I’m typing all of this from my phone because even though my desk is only about 10 feet away my brain is telling me to chill out and just lay in bed.
I’m a very wound up person. It’s gotten worse as I’ve gotten older. I’ve lost patience with people and I don’t want to be around them unless it’s work or family. I can’t stand the small talk and the fake conversations. I’m really angry and annoyed.
And I’m thisclose to giving up on life.
Please. Before you call 911 and report me for being suicidal, just remember that I have suicidal thoughts. It comes from my depression which used to be mild a year ago and then turned into major.

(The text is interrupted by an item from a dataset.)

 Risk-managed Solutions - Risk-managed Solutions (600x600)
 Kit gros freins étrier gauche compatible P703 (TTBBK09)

I think life is another person who enjoys picking on people and see how much it would take until they crumble. Growing up, I didn’t show emotions most of the time. I didn’t let my mother see me upset when she got upset. My lower lip didn’t quiver and I could feel my eyes dilating to where they were probably just black. This is how I learned to show people that I can’t be broken. So when life is fucking with me, I dig my heels in and refuse to fall apart.

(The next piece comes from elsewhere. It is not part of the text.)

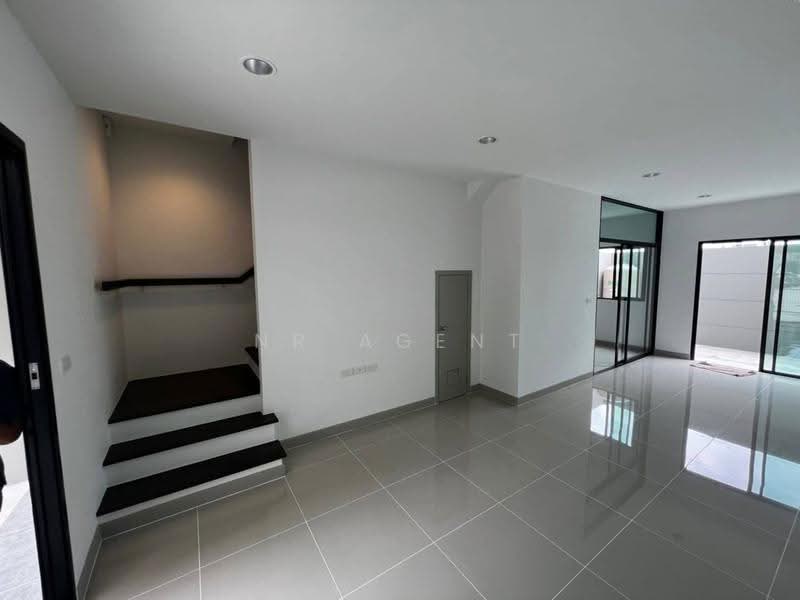Premium Place Phaholyothin-Ramintra : พรีเมียม เพลส พหลโยธิน-รามอินทรา , กรุงเทพ, ท่าแร้ง, บางเขน, กรุงเทพ, 170 ตร.ม., ทาวน์เฮ้าส์ ให้เช่า, โดย NR AGENT, 500662710 - DDproperty.com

But there are times when I feel like I should fall apart. Just to make myself feel human. Because when shit hits the fan I’m stoic. I don’t react. Inside, I’m screaming and I’m angry. On the outside, I’m that really calm person directing people to the exit during a fire drill.
Please don’t ask me to direct people to the exit during a fire drill or a real fire.
So here we are, life is kicking my ass again. I’m not mad. Maybe because I’ve gotten so used to it. And I’m not just talking about the shit I’ve done to put me in certain predicaments, I’m also talking about people who have shit on me in the past. Some of them have to bear the responsibility of why I am the way I am.
I’m not a people pleaser. I’m not one to nod and agree to everything. I’ve learned that if you let people walk all over you or jerk you around you set a precedent for everyone else to do the same. I’ve stood up for myself and got in trouble but at the end of they day, at least I didn’t take shit from anyone. Maybe that attitude is why I don’t really associate with a lot of people. I can count the number of friends I have with one hand and one of them is my sister. That attitude may be the reason why people don’t fuck with me at all. But I’ve also learned that other people’s opinion of me is none of my business.
Maybe there’ll be brighter days ahead. Maybe something will change the way I feel about the universe and everything else in it. But for now, let me be dark and angry because I deserve to at least feel something even if it feels like my heart is being crushed and my blood is boiling.